Più hai studiato, più l’AI sostituirà il tuo lavoro. Ma rimarrà un’alleata

Un rapporto congiunto di Censis e Confcooperative ha suddiviso le mansioni in base al loro grado di sostituibilità nell'era dell'AI.
Più hai studiato, più l’AI sostituirà il tuo lavoro. Ma rimarrà un’alleata

Un rapporto congiunto di Censis e Confcooperative di nome “Intelligenza artificiale e persone: chi servirà chi?”, ha suddiviso alcune mansioni in base al loro grado di sostituibilità nell’era dell’AI.

Il rapporto sottolinea come da qui al 2035 l’IA potrebbe contribuire a un incremento del PIL nazionale fino a 38 miliardi di euro (+1,8%). Tuttavia, il costo sociale di questa crescita non è trascurabile: 6 milioni di lavoratori rischiano la sostituzione, mentre per altri 9 milioni l’AI potrebbe integrarsi nelle mansioni, esponendo circa 15 milioni di lavoratori agli effetti della trasformazione tecnologica.

L’intelletto automatizzabile

I settori più esposti alla sostituzione includono professioni intellettuali automatizzabili, come contabili e tecnici bancari. Al contrario, professioni ad alta complementarità con l’AI comprendono ruoli come avvocati, magistrati e dirigenti. In questi casi l’intelligenza artificiale può supportare ma non sostituire completamente l’operato umano.

Secondo il rapporto, il livello di esposizione alla sostituzione aumenta con l’istruzione: tra i lavoratori a basso rischio, il 64% non ha raggiunto il diploma superiore, mentre solo il 3% possiede una laurea. Nelle professioni ad alta esposizione alla sostituzione, il 54% ha un’istruzione superiore e il 33% una laurea. Al contrario, il 59% dei lavoratori che vedranno l’AI come complemento possiede una laurea, contro il 29% con un diploma superiore.

Disparità di genere e ritardo

Un dato significativo riguarda il gender gap: le donne risultano più esposte rispetto agli uomini, rappresentando il 54% dei lavoratori a rischio sostituzione e il 57% di quelli ad alta complementarietà.

L’Italia registra anche un ritardo nell’adozione dell’AI rispetto ai partner europei. Nel 2024, solo l’8,2% delle imprese italiane utilizza strumenti di intelligenza artificiale, contro il 19,7% della Germania e una media UE del 13,5%. Il divario è evidente nei settori del commercio e della manifattura, dove i tassi di adozione italiani restano inferiori alla media europea.

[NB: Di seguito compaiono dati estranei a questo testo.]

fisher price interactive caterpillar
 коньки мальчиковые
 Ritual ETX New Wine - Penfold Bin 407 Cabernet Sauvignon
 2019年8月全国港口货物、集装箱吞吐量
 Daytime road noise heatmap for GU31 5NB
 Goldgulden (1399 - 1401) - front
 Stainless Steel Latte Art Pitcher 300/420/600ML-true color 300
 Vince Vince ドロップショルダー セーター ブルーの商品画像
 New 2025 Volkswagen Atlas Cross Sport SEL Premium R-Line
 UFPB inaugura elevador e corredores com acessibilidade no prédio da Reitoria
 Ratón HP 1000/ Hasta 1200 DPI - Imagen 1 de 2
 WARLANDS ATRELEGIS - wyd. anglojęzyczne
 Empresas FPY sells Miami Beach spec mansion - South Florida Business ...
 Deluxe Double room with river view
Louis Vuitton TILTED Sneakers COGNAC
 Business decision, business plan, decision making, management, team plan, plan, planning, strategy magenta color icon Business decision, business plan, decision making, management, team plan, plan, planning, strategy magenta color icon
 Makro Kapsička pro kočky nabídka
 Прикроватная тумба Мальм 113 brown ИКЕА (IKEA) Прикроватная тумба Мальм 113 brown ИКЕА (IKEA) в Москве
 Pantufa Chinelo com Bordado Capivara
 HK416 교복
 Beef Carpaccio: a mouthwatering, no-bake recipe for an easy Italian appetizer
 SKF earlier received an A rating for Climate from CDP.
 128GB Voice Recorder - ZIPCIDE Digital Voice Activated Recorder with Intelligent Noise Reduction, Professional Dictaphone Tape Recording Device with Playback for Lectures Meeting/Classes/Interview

Investimenti nel prossimo biennio

Per il biennio 2025-2026, il 19,5% delle imprese italiane prevede di investire in AI, con una forte concentrazione nel settore informatico (55%) e una scarsa penetrazione in ambiti come la ristorazione (1,4%). Le grandi aziende dimostrano una maggiore propensione agli investimenti rispetto alle PMI.

Il gap italiano nell’innovazione emerge anche nei dati sulla ricerca e sviluppo: l’Italia investe l’1,33% del PIL in R&S, contro una media europea del 2,33% e un obiettivo UE del 3% per il 2030. La Germania ha già superato questa soglia, investendo il 3,15%, mentre la Francia si attesta al 2,18%.

L’AI sul posto di lavoro

Attualmente, tra il 20% e il 25% dei lavoratori italiani utilizza strumenti AI sul luogo di lavoro. L’adozione è più diffusa tra i giovani: il 35,8% dei lavoratori tra i 18 e i 34 anni utilizza l’AI per la stesura di rapporti, rispetto al 23,5% degli over 45. Tuttavia, non emergono differenze significative tra i vari livelli di istruzione.

Più di un quarto delle ore lavorate automatizzate entro il 2030

Entro il 2030, si prevede che il 27% delle ore lavorate in Europa sarà automatizzato. I settori più colpiti saranno la ristorazione (37%), il supporto d’ufficio (36,6%) e la produzione (36%), mentre sanità e management subiranno un impatto minore.

Infine, secondo il Government AI Readiness Index 2024, l’Italia occupa il 25° posto nella classifica globale sulla preparazione all’AI, posizionandosi dietro a 13 paesi europei.